In the quest to satisfy the need for increased mobile broadband capacity and better quality of service in urban environments, operators are accelerating the deployment of heterogeneous networks (HetNets). These are mixed networks that include a combination of macrocells, and small cells – microcells and picocells.
According to the Small Cells Forum, small cell deployments have now reached more than 10 million worldwide, and are now considered to be a key part of operator strategies. Although some of these cells are residential installations, a growing number are being deployed in HetNets. Adding small cells can fill in extra capacity where there is a high density of mobile users, and allow operators to better manage the load on their networks, but they need careful planning and coordination. When mobile operators deploy small cells, they often find that they do not deliver the expected user experience.
Particular problems can be caused by interference with the macrocell at the edges of the small cell coverage area, which can result in a serious deterioration in user experience. Fortunately LTE-Advanced offers a range of techniques for mitigating interference by coordinating traffic and scheduling, but these present many challenges both in implementation and in validating the user experience improvement.
The interference management techniques include eICIC (enhanced Inter-Cell Interference Coordination), feICIC (further enhanced ICIC) and CoMP (Coordinated Multipoint transmission/reception), which can all help to reduce cell-edge issues. By testing these features in the network under real traffic conditions, the operator can ensure that they are delivering the required improvement in user experience.
eICIC and feICIC both use radio resource management techniques to reduce interference at the cell edges, using an autonomous scheduler to dynamically distribute bandwidth and power resources between cell users depending on metrics of the interference level they are experiencing.
eICIC requires coordination of the transmissions between a macrocell and each of the small cell nodes whose coverage area overlaps with it.

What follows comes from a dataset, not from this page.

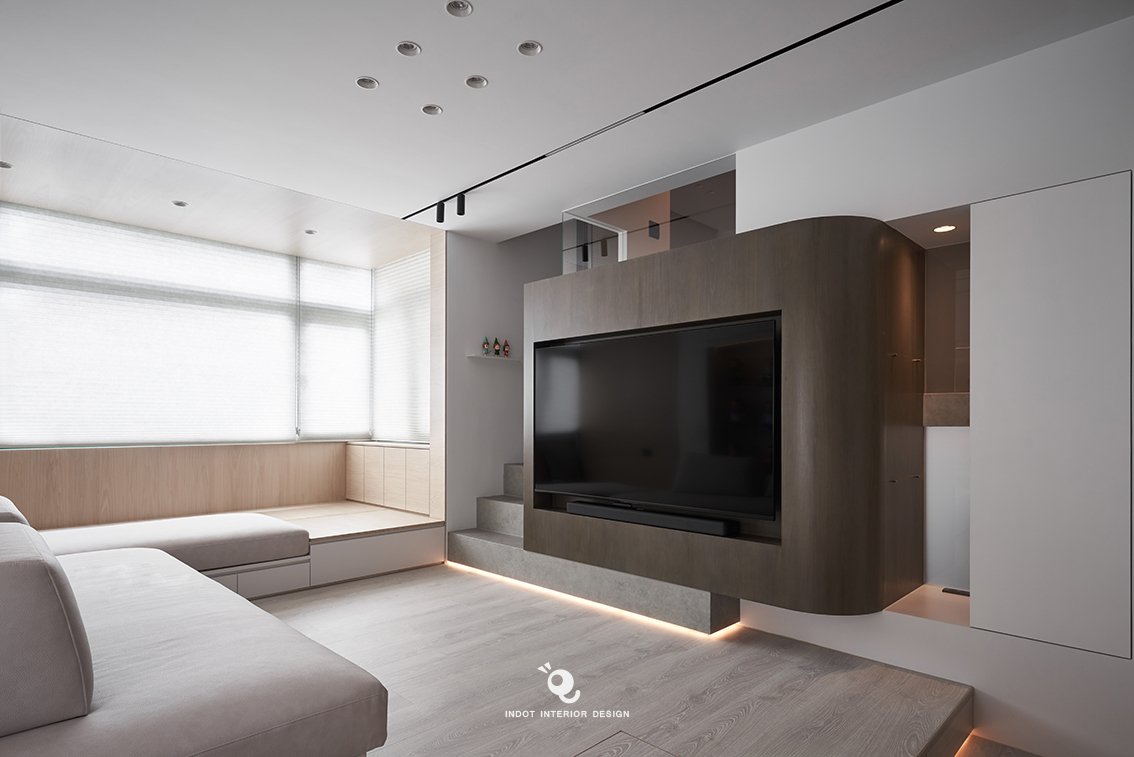 八坪复层公仔之家丨中国台湾丨虫点子设计-36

Normally the mobile terminal will connect to the cell that has the strongest downlink signal. However to ensure that the small cell is serving enough users its coverage area can be extended by a technique known as cell range expansion (CRE). This is obtained by introducing a handover bias allowing traffic associated with users who would normally be just outside the area of small cell coverage be offloaded from the heavily-loaded macrocells to the more lightly-loaded small cells, in order to achieve better load balancing and system performance in the HetNet. With feICIC the cell expansion is spread even further by increasing the biasing level from approximately 6dB to more than 9dB, which is achieved by implementing interference cancellation in the handset.
With CRE, a mobile terminal operating at the cell edge of a picocell will experience significant interference from the macrocell. This interference can be mitigated by preventing the macrocell from transmitting data during certain subframes, known as Almost Blank Subframes (ABS), and giving the small cells the opportunity to perform CRE during these ’protected’ subframes on occasions when the macrocell is loaded too heavily. This load balancing is an important component of Self Optimising Networks (SON), a range of techniques that promote the overall improvement of network performance and energy saving.
Testing a network employing eICIC or feICIC means that the network tester must be able to apply the relevant measurement procedures in order to feed back correct and reliable information to the network. The Cobham Wireless TM500 network tester family can be used to verify the correlation between the measurements reported by the mobile device and the cell signalling patterns, thus validating the interference management.
The addition of CoMP goes one step further in achieving better overall network capacity, by coordinating transmission and reception between different transmitting and receiving cells. It achieves this through the use of load balancing, coordinated scheduling, and the management of signal power and interference, allowing improved downlink data throughput, especially near the cell edges, due to reduced interference and an increase in received power. Uplink received signal quality and cell edge coverage is also improved by simultaneous coordinated reception from different receiving points on the network side. Again it is challenging to validate due to the requirement for rapid information exchange and the coordination of shared and centralized processing between multiple transmitting points.